Ever heard of this guy? Well, he's out there, somewhere in the crowds that inhabit this city. Mr. Trainman works as an IT specialist at a company. Whether it is because his desk is hidden in the corner of the office floor, or whether it is because he is so quiet--well, probably both--we cannot say for sure, but he often goes unnoticed by everyone around him. He commutes to and from work hiding behind backs, pillars, and shadows, slithering through the crowd. When he is noticed, it is because he has tripped on nothing and has fallen on his face. Or he's woken up in a screaming fit on the train.

When he goes home, he sits in front of his computer and his social life begins there.
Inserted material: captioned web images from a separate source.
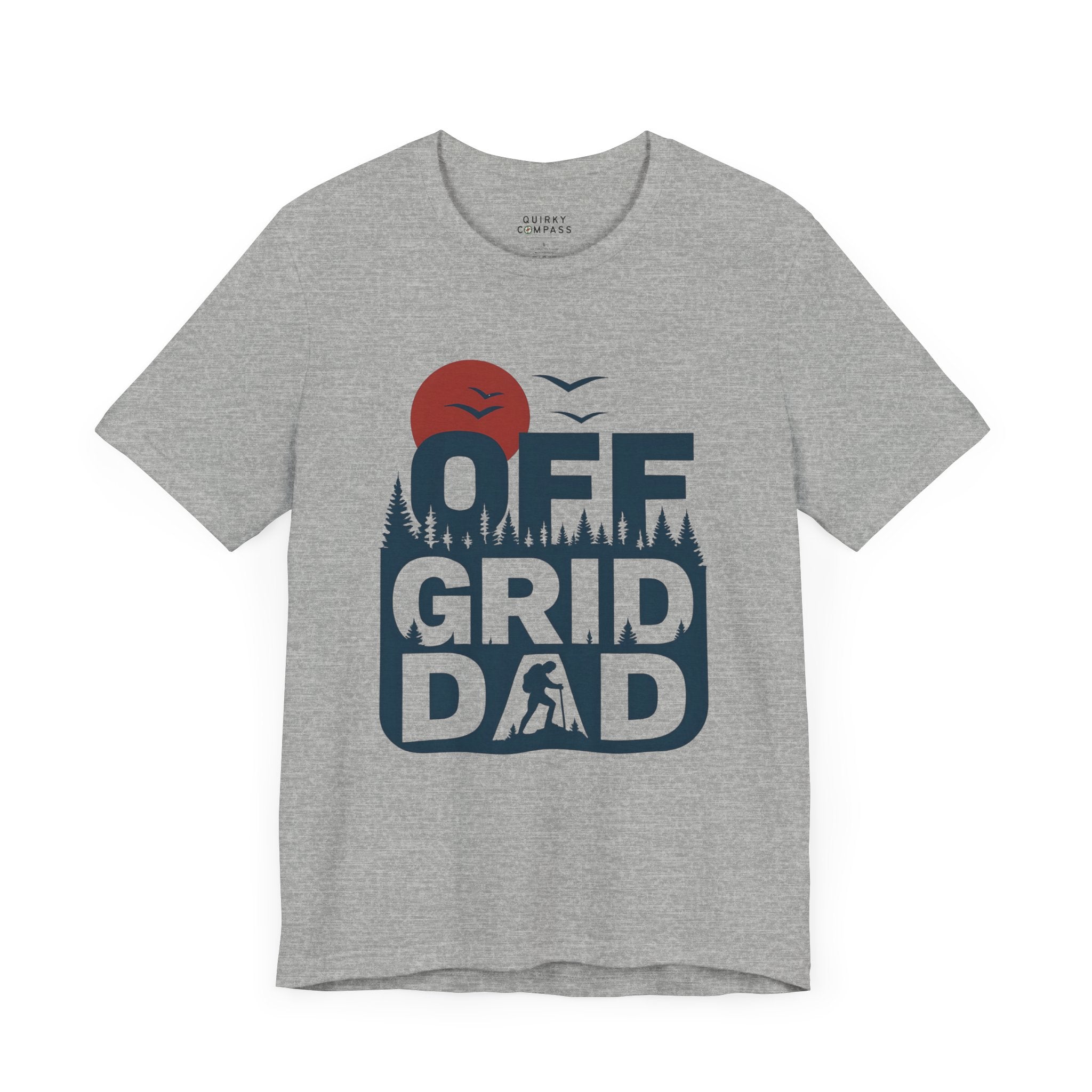 Off Grid Dad Tee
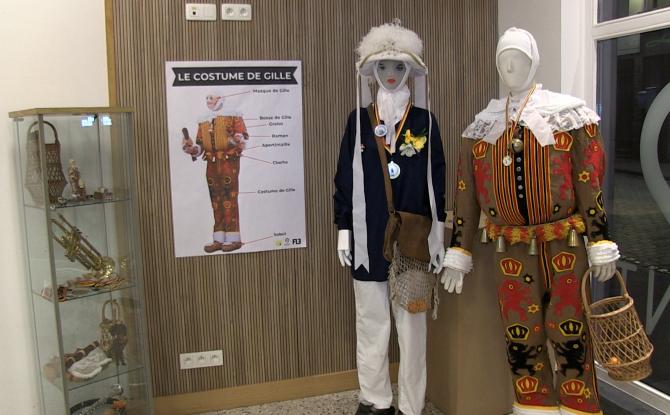 C Local : expo "le Carnaval de l'intime" au Point 9 à Fontaine-l'Evêque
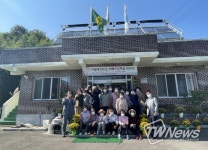 고령군, 치매보듬마을 현판식 및 꽃길조성사업 운영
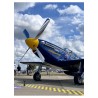 T-shirt P-51C Thunderbird - Barnstormer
He knows not the faces or the voices of the people he types to, but they are his friends nonetheless, and every night they talk to each other about...life, I guess?

Anyways, there is a happy event to this apparently miserable and pathetic story of Mr. Trainman. He meets a girl one day on the train. She is being harrassed by an intoxicated salaryman, and he steps in. Well, he kind of throws himself onto the man from behind and shudders by the door whilst the attacked drunkard transfers his frustration upon him. Luckily, some train officers intercept the drunken man and drag him off the train. The girl asks for his contact info so that she can get a hold of him later, to send a gift, perhaps.
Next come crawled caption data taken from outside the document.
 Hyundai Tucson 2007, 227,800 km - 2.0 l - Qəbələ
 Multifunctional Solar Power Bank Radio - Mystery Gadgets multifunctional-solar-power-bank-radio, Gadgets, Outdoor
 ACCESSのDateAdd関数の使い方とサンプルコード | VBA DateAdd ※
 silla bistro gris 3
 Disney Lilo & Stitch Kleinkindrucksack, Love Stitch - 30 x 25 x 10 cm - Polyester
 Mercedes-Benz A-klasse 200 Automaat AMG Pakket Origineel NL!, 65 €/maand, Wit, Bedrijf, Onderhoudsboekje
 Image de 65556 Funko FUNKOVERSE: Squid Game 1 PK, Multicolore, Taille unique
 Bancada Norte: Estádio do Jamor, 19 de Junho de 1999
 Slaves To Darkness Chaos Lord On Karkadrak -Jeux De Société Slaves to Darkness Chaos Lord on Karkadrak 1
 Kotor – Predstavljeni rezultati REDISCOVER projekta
So to make a long story short, with the help of his online friends he refashions himself, changes his way, and gets the girl in the end. They marry.

This story portrays a man that is so typical in contemporary Japan. It also vividly portrays the lives of his so-called 'friends', who lead various lives of their own--a heart-broken nurse, a detached wife, her silent husband (they don't know that they're in the same chatroom until the end), a depressed youth, and three students who don't have any idea what they want to do with their lives--and the ways in which they 'refashion' their selves while they cheer and encourage Mr. Trainman along.

The story was a movie (^-^). And it was based on a true story. So Mr. Trainman is still out there, living his happy life with his beloved wife! Isn't it a great story? Programmes with plots like these are so common, I find. Whether it's because people here are longing for some 'pure' form of love or some other idyllic notion, I don't really know. I can't help but be reminded of the article that I wrote about before...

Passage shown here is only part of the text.